During Soviet rule (1945–1991) Pidhaitsi was part of Berezhany Raion. After Ukrainian independence, a separated Pidhaitsi Raion was established. 
Until 18 July 2020, Pidhaitsi was the administrative center of Pidhaitsi Raion. The raion was abolished in July 2020 as part of the administrative reform of Ukraine, which reduced the number of raions of Ternopil Oblast to three. The area of Pidhaitsi Raion was merged into Ternopil Raion.

Jewish community 
Prior to the Second World War, Pidhaitsi had a significant Jewish community. The population census of 1765 lists 1,370 Jews in the kahal district of Pidhaitsi and 1,079 Jews lived in Pidhaitsi itself. A century late town’s Jewish population significantly increased and numbered ca. 6,000 Jews in Pidhaitsi and 8,212 Jews in Pidhaitsi district (9.33% of whole population in the area). In the 20th century Pidahytsi's importance declined and the number of the Jews decreased to 2,827 according to the census of 1931. Pidhaitsi Synagogue (between 1621 and 1648), and the local Catholic parish church (1634) are the oldest buildings in the city. The synagogue is closed and in ruined condition. In the post war years, the synagogue territory was turned into a market by the communists.
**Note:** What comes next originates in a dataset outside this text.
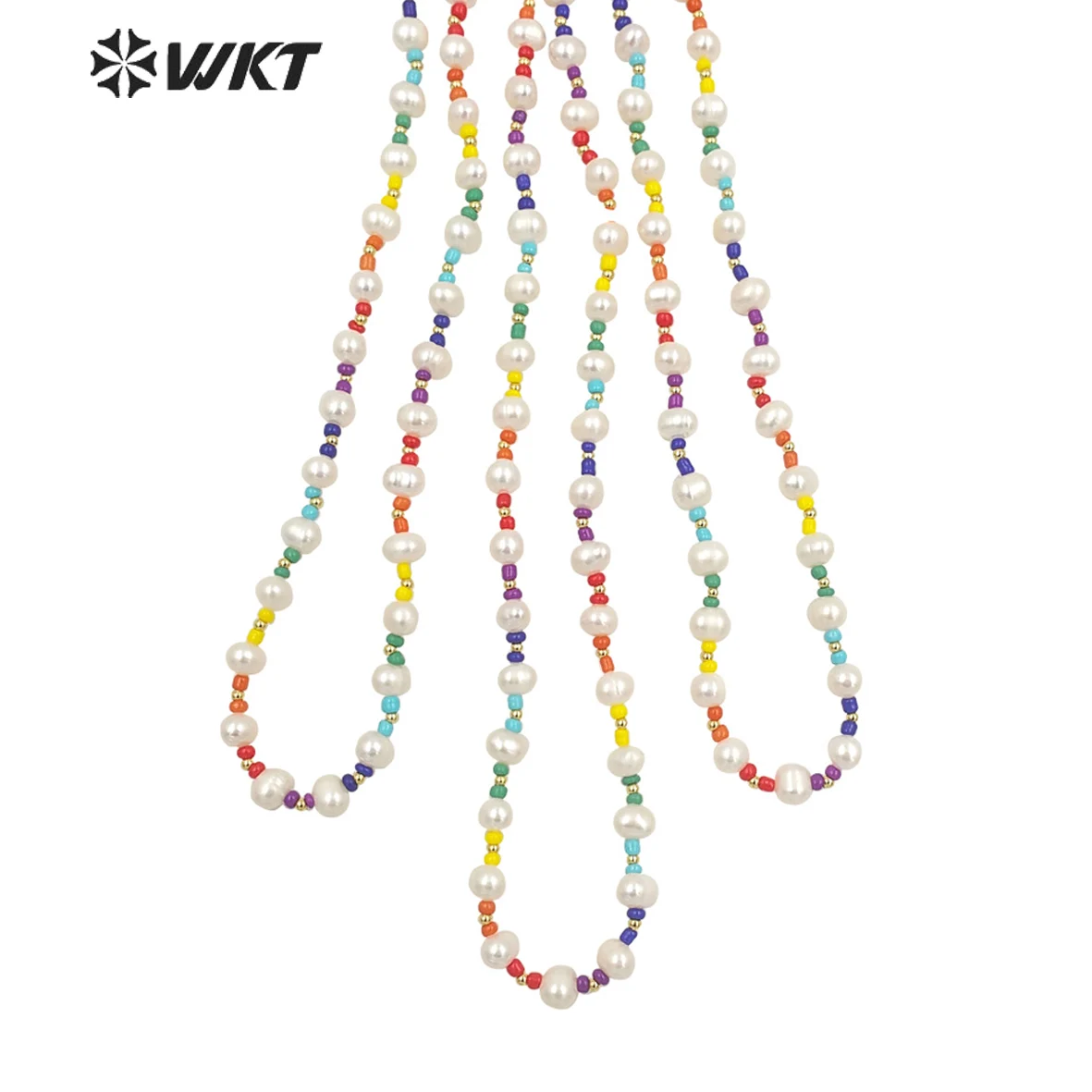 

WT-JN204 WKT 2022 Charming And Fashion Enamel & Pearl Necklace Colored Beads Elegant Necklace Lady Necklace Trend INS Style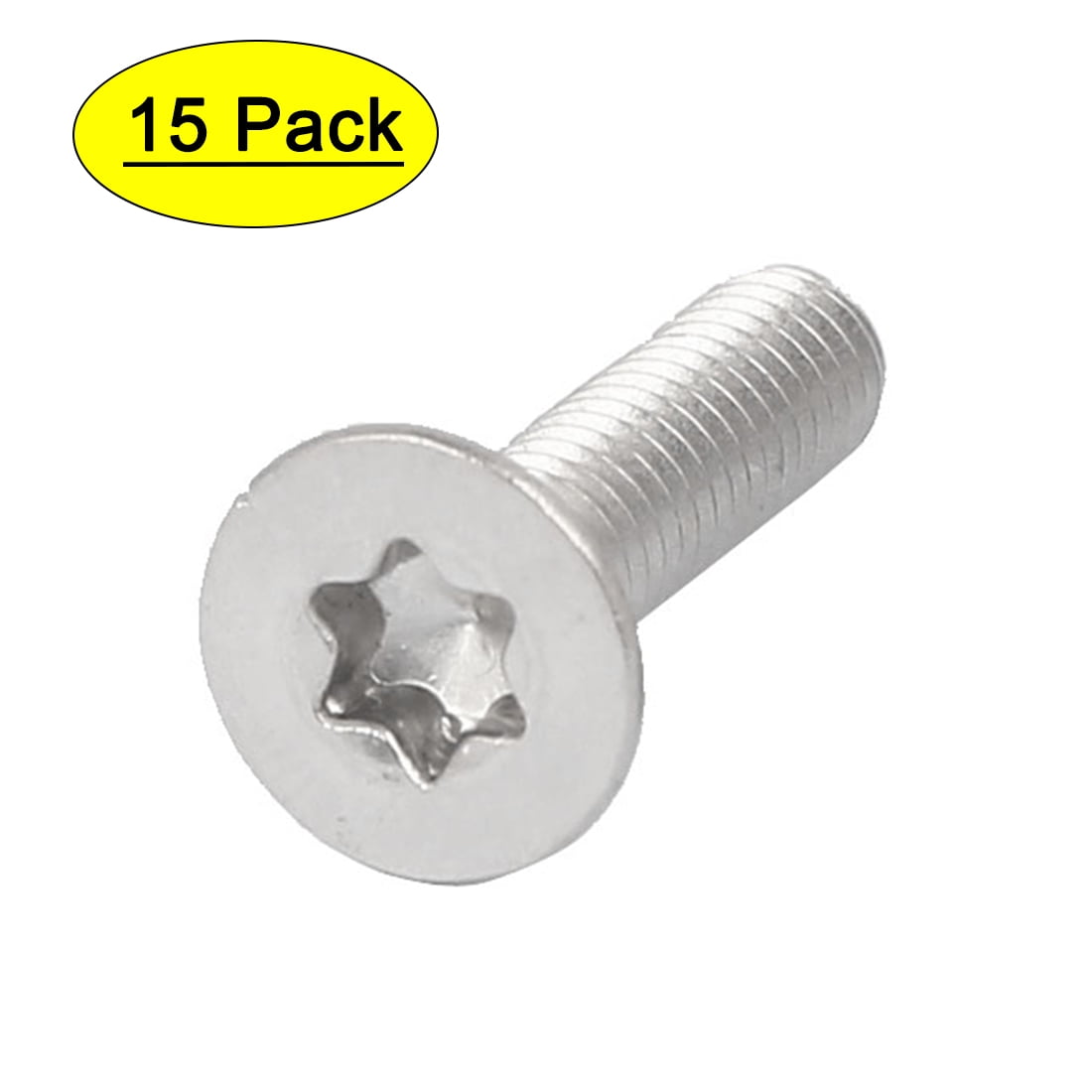 50pcs M6 X 15mm Flat Torx Head Machine Screws - 12.9 Grade Alloy Steel, Black Oxide (T20 Drive)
With the break of the Second World War there was a large influx of Jewish refugees from the west and the number of the Jews in the town at the time of Nazi annihilation was higher than 3,000. Pidhaitsi Judenrat was headed by Leibish Lilienfeld. Due to the refugee and hygienic problems, in the winter of 1941–42 many of town Jews died of hunger and typhus epidemic. In 1942, on September 21 (Yom Kippur – Jewish most revered holiday, the day of atonement from sin) over 1,000 Jews were sent to the Belzec extermination camp and on October 30, 1,500 more Jews were deported to face death in Belzec extermination camp.  Hundreds more were murdered in Pidhaitsi and its environs by Germans and Ukrainian police.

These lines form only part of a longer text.